§ **Exercise requirements**
Images excepted, the data below must be repeated exactly.

(Scraped caption text data)
==========
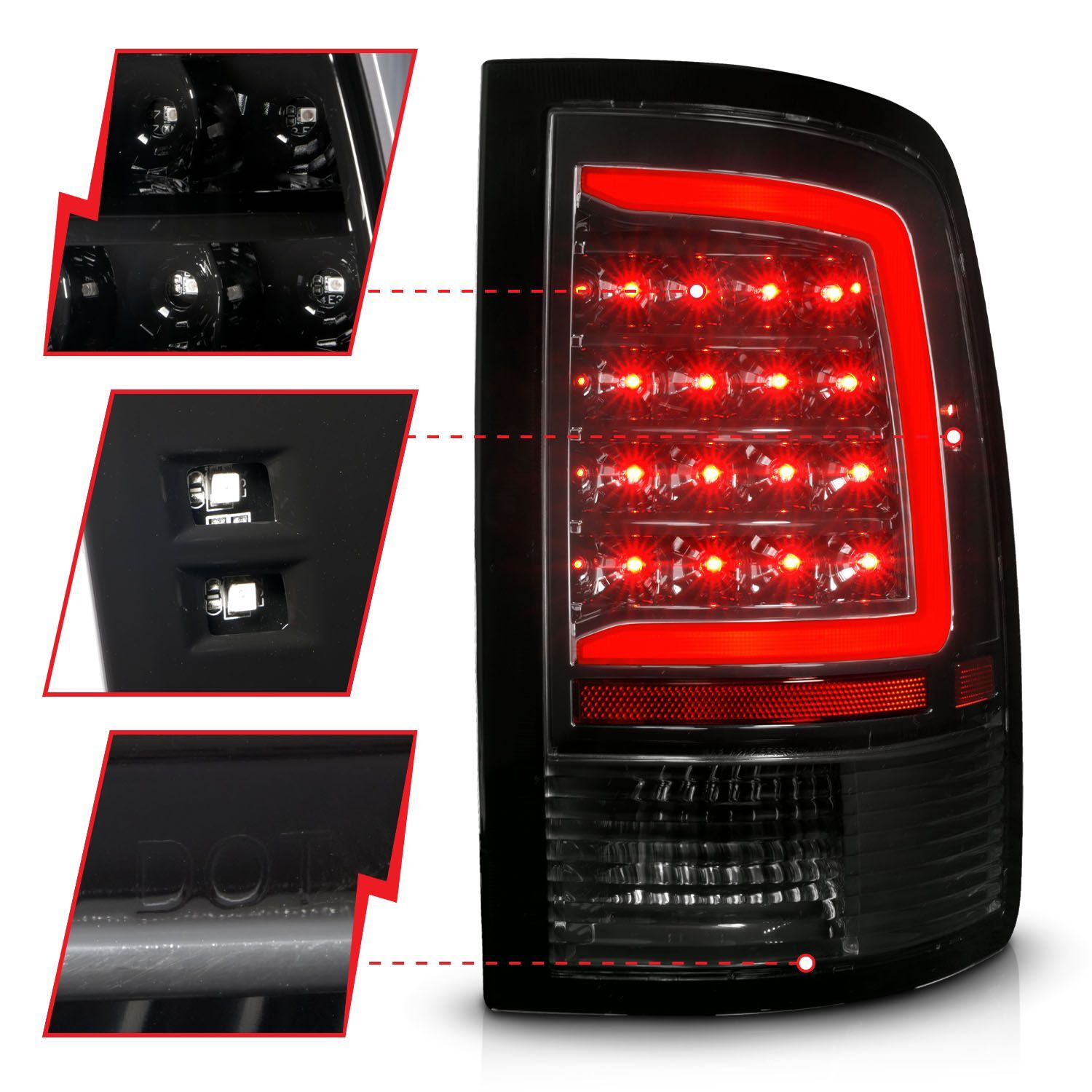 2009-2018 Dodge Ram 1500/2500/3500 Anzo LED Taillight Plank Style Sequential LED Black W/Clear Lens
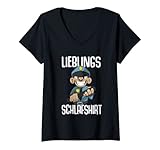 Damen Lieblingsschlafshirt mit Polizei Affe T-Shirt mit V-Ausschnitt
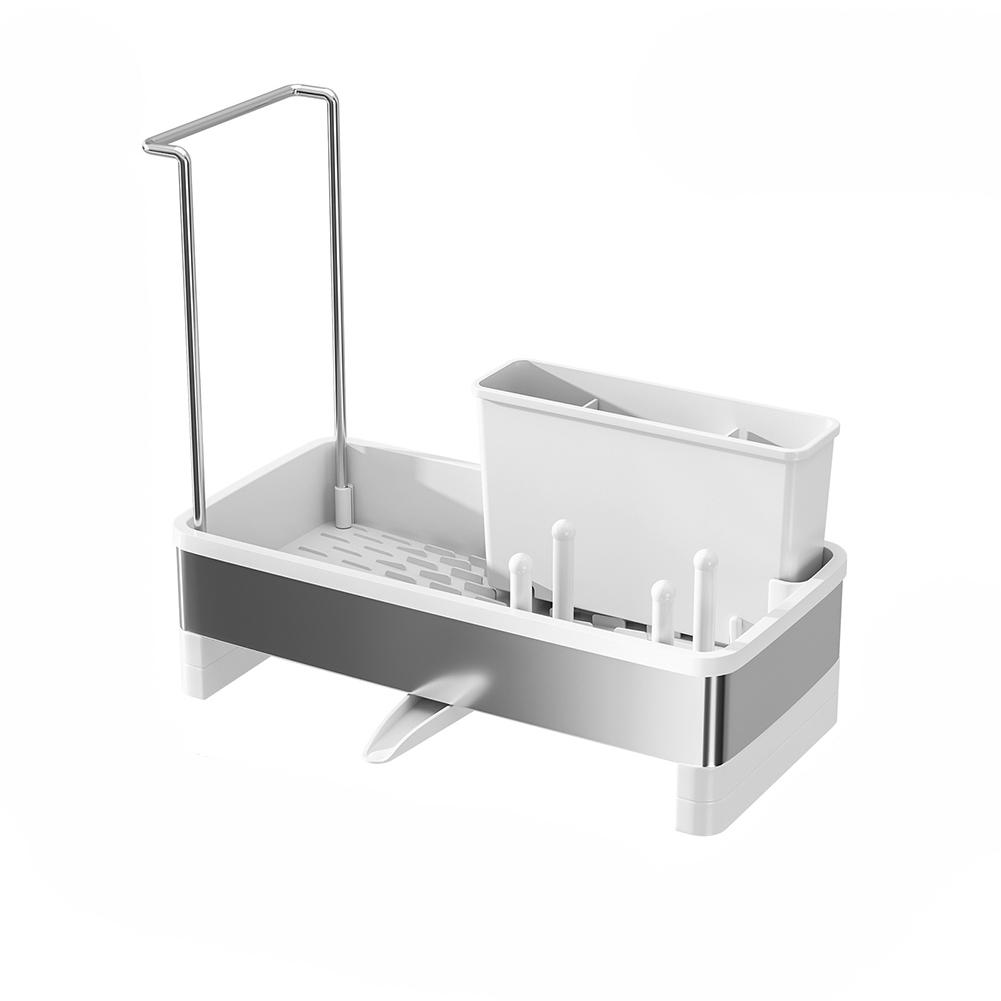 Kitchen Sponge Holder Sink Organizer Divided Compartments Efficient Drainage Tidy Sink Area Storage Rack Storage Holder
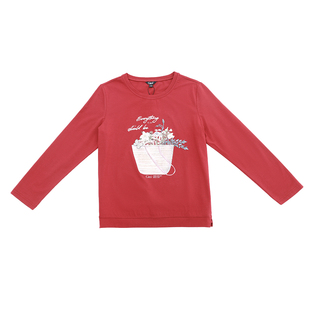 Gitti/吉蒂花卉字母立体刺绣T恤女棉莫代尔亲肤舒适上衣G255530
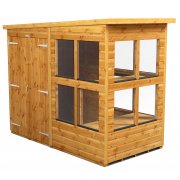 Power 4x8 Pent Potting Shed - Double Door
==========
§ **Solution for this problem**
 2009-2018 Dodge Ram 1500/2500/3500 Anzo LED Taillight Plank Style Sequential LED Black W/Clear Lens
 Damen Lieblingsschlafshirt mit Polizei Affe T-Shirt mit V-Ausschnitt
 Kitchen Sponge Holder Sink Organizer Divided Compartments Efficient Drainage Tidy Sink Area Storage Rack Storage Holder
 Gitti/吉蒂花卉字母立体刺绣T恤女棉莫代尔亲肤舒适上衣G255530
 Power 4x8 Pent Potting Shed - Double Door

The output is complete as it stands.